**Dataset content:**
= = = =
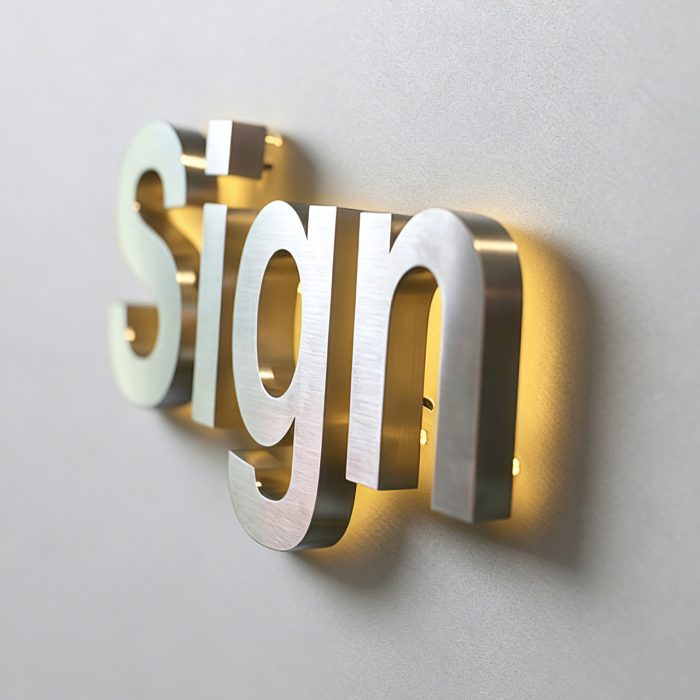 Open Back Stainless-Steel Letters with LED Halo Lit | Back-Lit Channel Letters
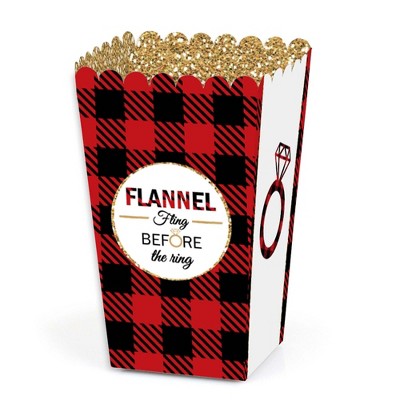 Big Dot of Happiness Flannel Fling Before the Ring - Buffalo Plaid Bachelorette Party Favor Popcorn Treat Boxes - Set of 12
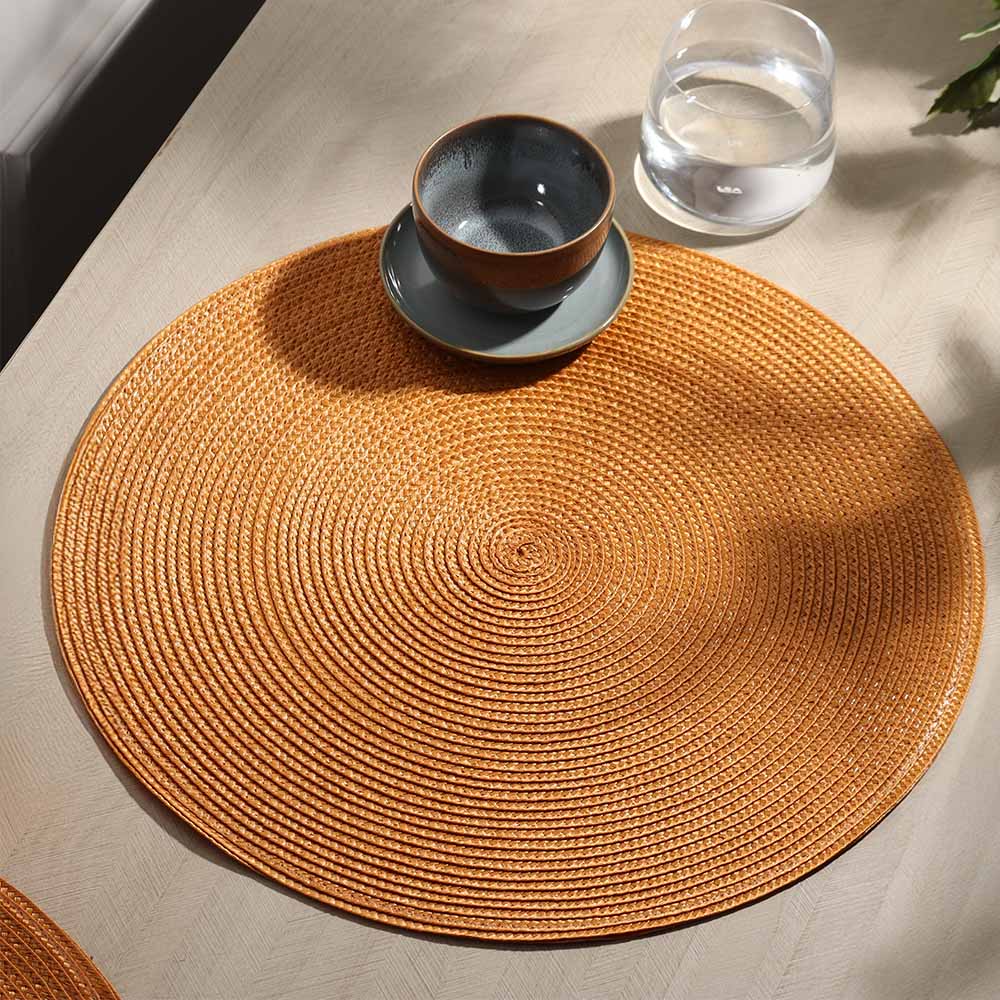 Bueno Round Placemats, Set of 4 - Mustard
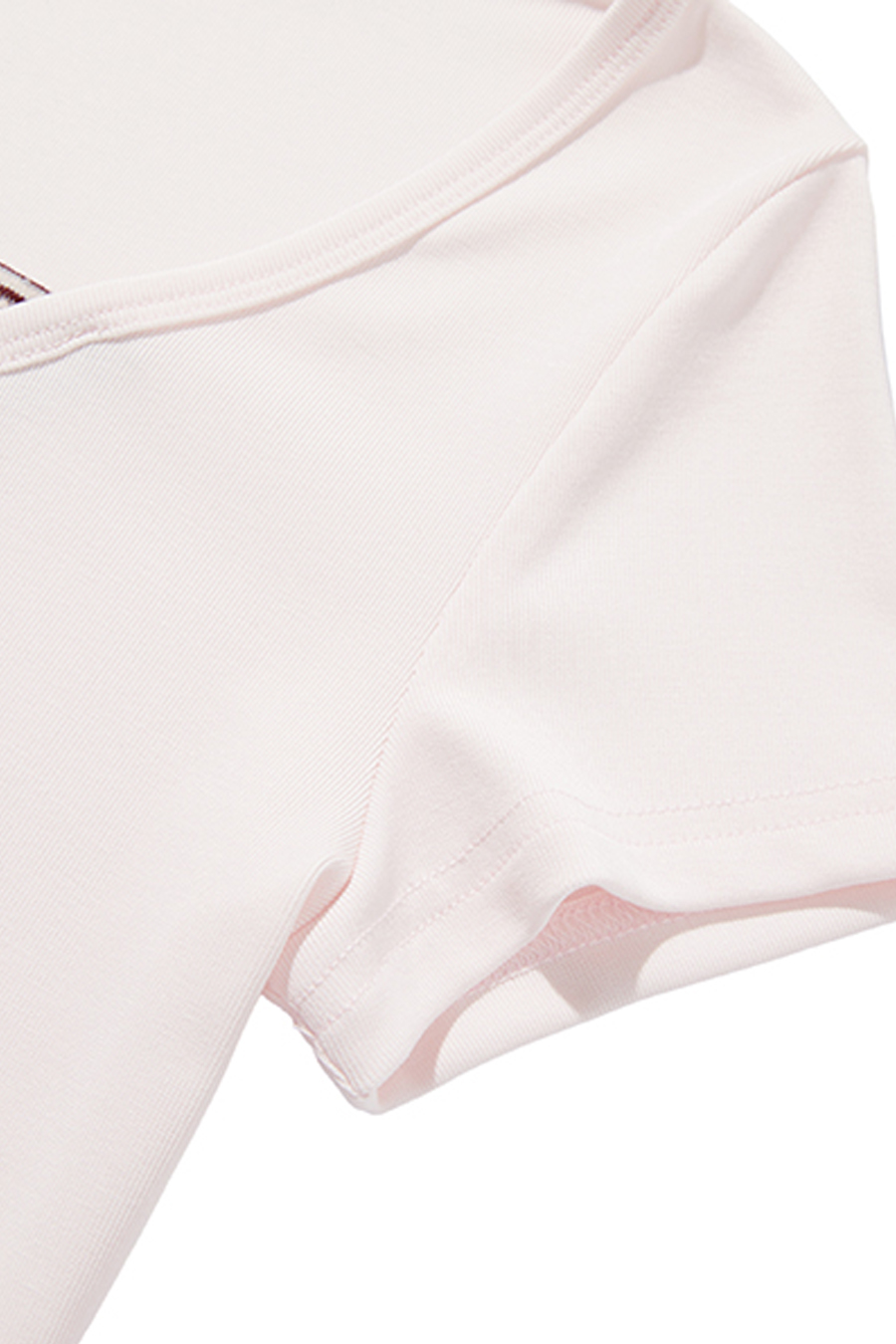 Fitted Striped Panel V-Neck Tee|yescci-YESCCI.com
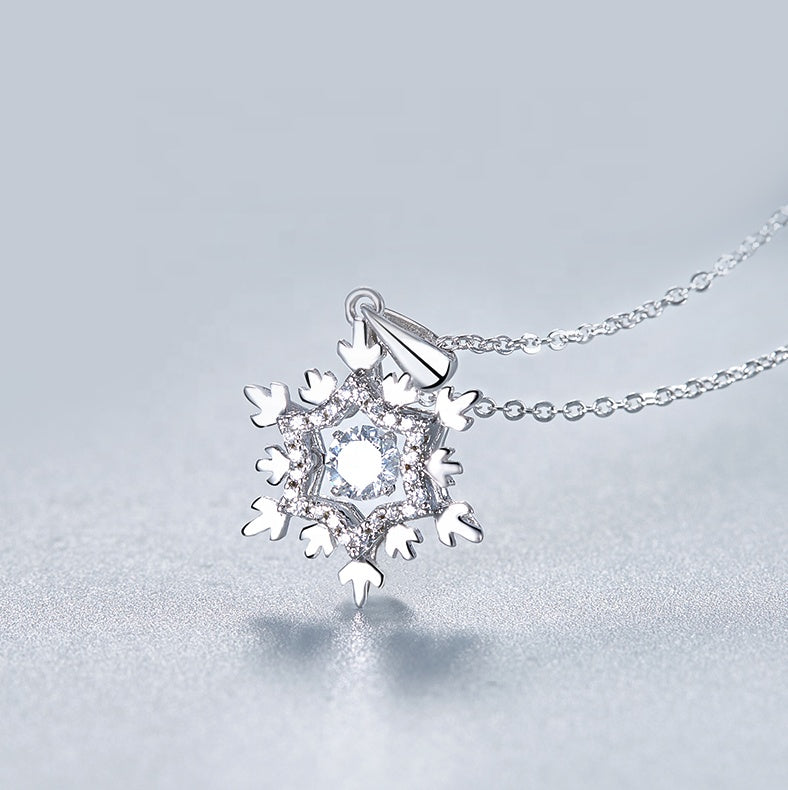 Snowflake Dancing Moissanite Pendant Set in Sterling Silver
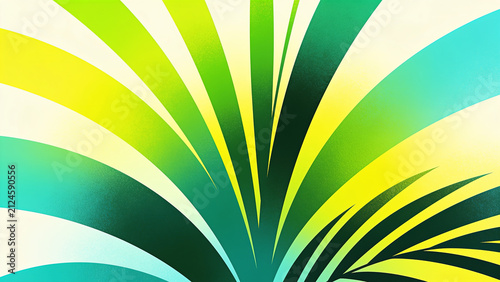Vibrant tropical gradient color field art blending lime green, yellow, and turquoise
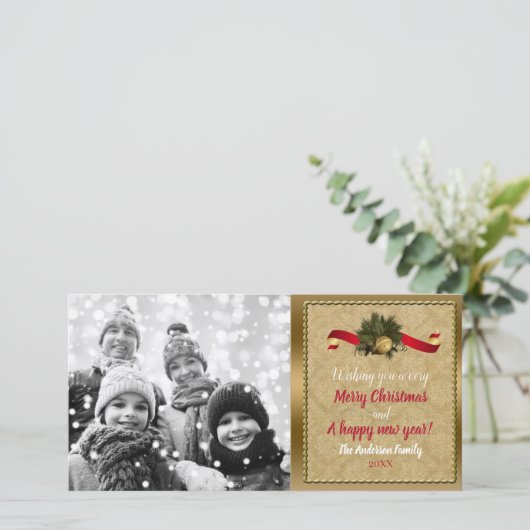 Kerstkaart met Oude Gouden Bel Vakantiefoto (Staand voorkant)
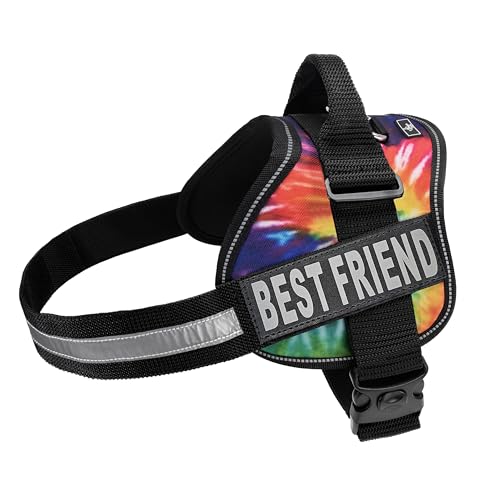 Doggie Stylz Hundegeschirr für kleine, mittelgroße und große Hunde, vollständig verstellbar, reflektierende Best Friend-Patches mit Griff, kein Würgen, Hundehalsbänder, Geschirre und Leinen, von Doggie Stylz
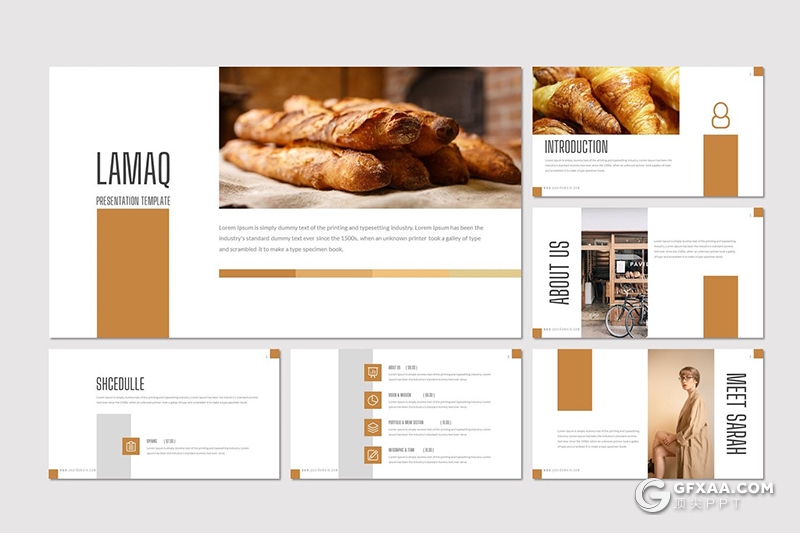 30页扁平化面包烘培工艺介绍面包品牌宣传PPT模板5种主题配色 - 顶尖PPT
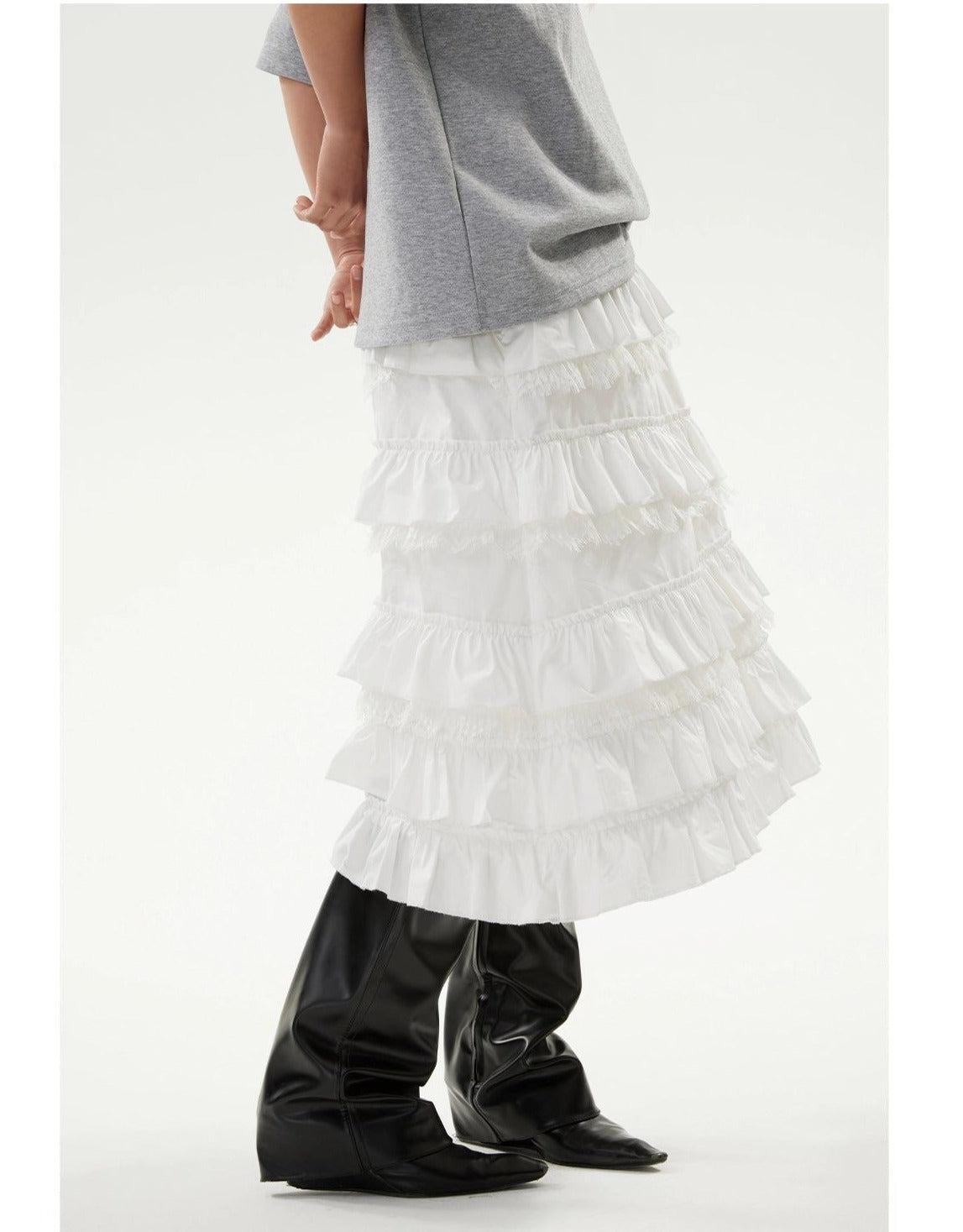 Ruffle Detail Long Skirt - chiclara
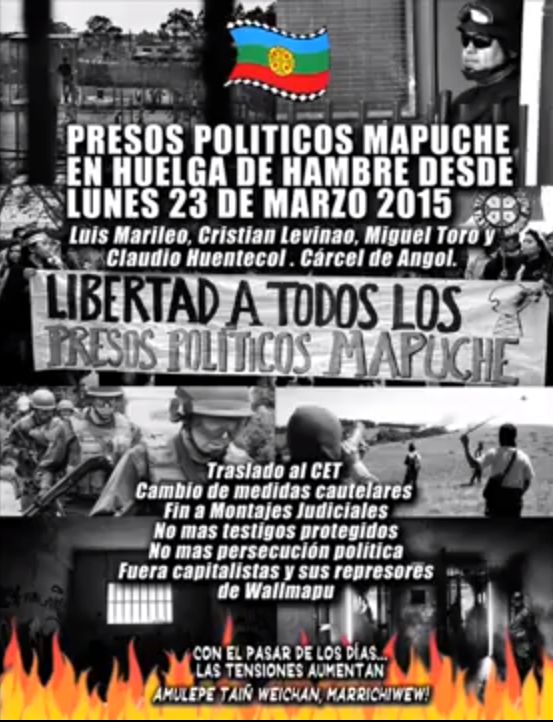 Freddy Marileo, vocero de los Presos Políticos Mapuche que llevan 46 días en huelga de hambre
= = = =
**Work required:**
From the line that holds "Kerstkaart met Oude" to the last line of the records, please copy each line exactly and nothing else. Pictures stay out.

**Reply:**
 Kerstkaart met Oude Gouden Bel Vakantiefoto (Staand voorkant)
 Doggie Stylz Hundegeschirr für kleine, mittelgroße und große Hunde, vollständig verstellbar, reflektierende Best Friend-Patches mit Griff, kein Würgen, Hundehalsbänder, Geschirre und Leinen, von Doggie Stylz
 30页扁平化面包烘培工艺介绍面包品牌宣传PPT模板5种主题配色 - 顶尖PPT
 Ruffle Detail Long Skirt - chiclara
 Freddy Marileo, vocero de los Presos Políticos Mapuche que llevan 46 días en huelga de hambre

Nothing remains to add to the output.